Of all the Spider Island tie ins; the one that surprised me most was Cloak & Dagger. I was a huge fan of the original run of the teen superheroes, but had largely tuned out once they somehow became part of the X-Men. I picked up Cloak & Dagger Spider Island #1 with serious reservations, I was afraid I’d get more of the X-Men era work that I didn’t care for. Cloak & Dagger are gritty and street level crime fighters and that’s what I wanted to see. Thankfully this Spider Island tie in returns them to a bit of their former glory.

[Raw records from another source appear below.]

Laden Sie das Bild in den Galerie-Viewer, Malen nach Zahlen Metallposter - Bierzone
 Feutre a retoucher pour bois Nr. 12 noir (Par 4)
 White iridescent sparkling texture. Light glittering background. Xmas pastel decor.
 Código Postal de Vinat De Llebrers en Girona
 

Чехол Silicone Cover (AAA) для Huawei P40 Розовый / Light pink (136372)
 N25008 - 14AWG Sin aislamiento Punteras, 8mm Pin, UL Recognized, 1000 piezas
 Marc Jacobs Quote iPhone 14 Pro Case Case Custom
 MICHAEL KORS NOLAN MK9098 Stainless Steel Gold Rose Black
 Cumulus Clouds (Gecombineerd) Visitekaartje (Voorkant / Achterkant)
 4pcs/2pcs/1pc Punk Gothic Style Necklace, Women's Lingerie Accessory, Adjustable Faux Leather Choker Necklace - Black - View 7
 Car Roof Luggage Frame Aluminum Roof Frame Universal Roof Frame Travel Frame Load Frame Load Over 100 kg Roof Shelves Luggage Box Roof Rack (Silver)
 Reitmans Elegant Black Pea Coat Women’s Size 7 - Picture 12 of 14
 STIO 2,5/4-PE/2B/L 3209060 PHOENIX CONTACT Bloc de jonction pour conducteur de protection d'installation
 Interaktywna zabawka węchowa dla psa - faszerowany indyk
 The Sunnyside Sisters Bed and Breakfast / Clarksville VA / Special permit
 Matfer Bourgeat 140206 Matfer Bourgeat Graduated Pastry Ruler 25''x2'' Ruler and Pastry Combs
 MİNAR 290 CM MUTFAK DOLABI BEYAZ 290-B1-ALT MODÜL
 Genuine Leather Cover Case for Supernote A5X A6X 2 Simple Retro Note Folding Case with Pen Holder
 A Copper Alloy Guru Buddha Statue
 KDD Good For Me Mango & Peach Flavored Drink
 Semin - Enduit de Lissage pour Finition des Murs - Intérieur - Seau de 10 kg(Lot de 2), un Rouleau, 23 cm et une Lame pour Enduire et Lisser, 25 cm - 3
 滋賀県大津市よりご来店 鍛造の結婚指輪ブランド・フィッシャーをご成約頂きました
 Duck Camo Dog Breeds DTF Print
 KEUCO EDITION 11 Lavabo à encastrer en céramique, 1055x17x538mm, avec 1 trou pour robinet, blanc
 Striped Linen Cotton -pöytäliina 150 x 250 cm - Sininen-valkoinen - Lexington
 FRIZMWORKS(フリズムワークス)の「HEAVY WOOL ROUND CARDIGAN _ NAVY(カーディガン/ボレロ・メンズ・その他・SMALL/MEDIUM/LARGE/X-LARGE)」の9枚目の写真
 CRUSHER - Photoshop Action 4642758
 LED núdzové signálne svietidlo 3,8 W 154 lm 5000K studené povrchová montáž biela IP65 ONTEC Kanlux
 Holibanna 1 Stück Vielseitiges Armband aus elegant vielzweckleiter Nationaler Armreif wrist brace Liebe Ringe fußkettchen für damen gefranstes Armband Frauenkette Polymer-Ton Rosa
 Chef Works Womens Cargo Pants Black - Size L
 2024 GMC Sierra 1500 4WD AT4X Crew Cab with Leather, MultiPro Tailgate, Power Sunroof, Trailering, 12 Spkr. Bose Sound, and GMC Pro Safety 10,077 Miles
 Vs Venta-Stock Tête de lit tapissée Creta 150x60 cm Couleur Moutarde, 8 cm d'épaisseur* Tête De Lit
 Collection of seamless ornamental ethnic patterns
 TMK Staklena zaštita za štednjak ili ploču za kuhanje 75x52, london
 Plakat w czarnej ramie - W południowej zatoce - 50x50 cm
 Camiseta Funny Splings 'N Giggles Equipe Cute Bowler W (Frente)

All is not well for the two, heroes. They’re being evicted out of the church they live in, they have no further connection with the X-Men and the tension between the two is reaching critical mass. Cloak is in love with Dagger, Dagger loves Cloak but not in the way he wants. To top it off, Dagger is keeping her return to school a secret and her actions are causing an already jealous Cloak to become suspicious.
Writer Nick Spencer does a first rate job of keeping the banter between the two fast paced and funny, but also showing how dependent they are on each other. It’s not just that she helps feed his darkness and he helps her control her light, they have a bond as friends that neither can live without.
The tie in for Spider Island comes when the Avengers ask the team to help in a fight against all those with spider powers currently tearing up Manhattan. In lesser hands, the sudden battle might have seemed clunky, but Spencer makes it seems like a distraction, something they both need in the midst of their current string of bad luck. He also brings them out of it quickly and returns to the story at hand.
The surprise here is the appearance of Mr. Negative and the prophecy that a woman of light will destroy him. Pitting Cloak & Dagger against Mr. Negative is perfect. Two heroes that are dark and light against a villain that is made up of both, there couldn’t be a more perfect match.
I was particularly impressed with Emma Rios’ art. Her work has a fine art sense to it, almost like a high-end children’s book. Imagine a mix of Harold And The Purple Crayon, a classic illustrated version of A Christmas Carol and then layer it into a comic book. Every panel is a small work of art and yet Rios never loses momentum or movement during the action. Besides that she does a superior version of Mr. Negative.
While not the gritty art I’m used to for Cloak & Dagger, Rios style meshes with the heroes in a way that you can’t explain with words but clicks visually in an instant. With Rios’ art and Spencer’s words, Cloak & Dagger seem poised to do great things in the Marvel Universe. I’m just hoping this leads to a monthly series for one of my favorite comic book teams.